The best leaders display their characters in full view

To reach that state of loyalty where people trust you at your every word requires the daily act of exposing your values, beliefs, convictions, and morals to others in close quarters. When your actions are observed, and you know you can trust your own actions out in the open, your reputation is upheld. People never question your decisions or challenge you on an issue that opposes your character; they know where your stand.

Unfortunately, character can be fleeting at times and anyone is at risk from falling off the wagon. Warren Buffett once wrote this little gem of a statement in one of his annual letters to Berkshire Hathaway shareholders years back: "It takes 20 years to build a reputation and five minutes to ruin it. If you think about that, you'll do things differently."

Anyone's reputation, whole career, or success can quickly fall like a house of cards, no matter the hard effort made or accolades won over the years. Just ask Martin Winterkorn, the former chief executive of Volkswagen, who resigned following the embarrassing diesel emissions deception and cover-up, for which he admitted responsibility.

Without character running through your veins as the source of your decision-making process, and without integrity as your internal GPS system navigating you through life, you're going to eventually fail.

Working in integrity means that you don't question your character, especially when the choice isn't easy.

In his book, Uncommon, Hall of Fame football coach Tony Dungy writes "Integrity--the choice between what's convenient, and what's right."

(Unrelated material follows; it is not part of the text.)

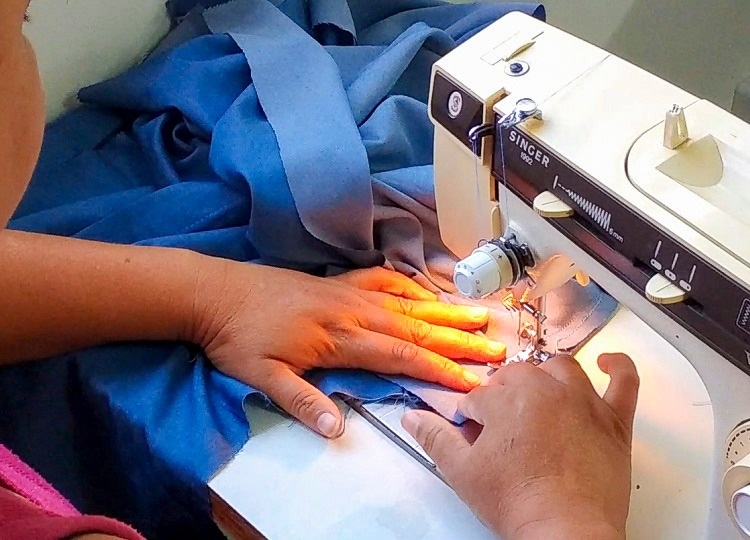 Inscrições para o curso básico de corte e costura da Escola de Moda será nesta quinta-feira, 12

Character means staying true to yourself and your values, even when you're faced with serious consequences for the right choices that you're making--like, perhaps, losing a job. Is your character willing to take that hit? When you listen to your heart and make choices aligned with character, you simplify your life and live in peace.

Final thoughts

Most of us have had some type of character and trust issue at one time or another in our lives which may have held us back. That doesn't make you bad, broken, or inadequate. It just means you are human, and you're forgiven. The good news is that we all can turn our past failures and shortcomings into opportunities to grow our character, develop trust with others, and build leadership capacity to influence people to do great things.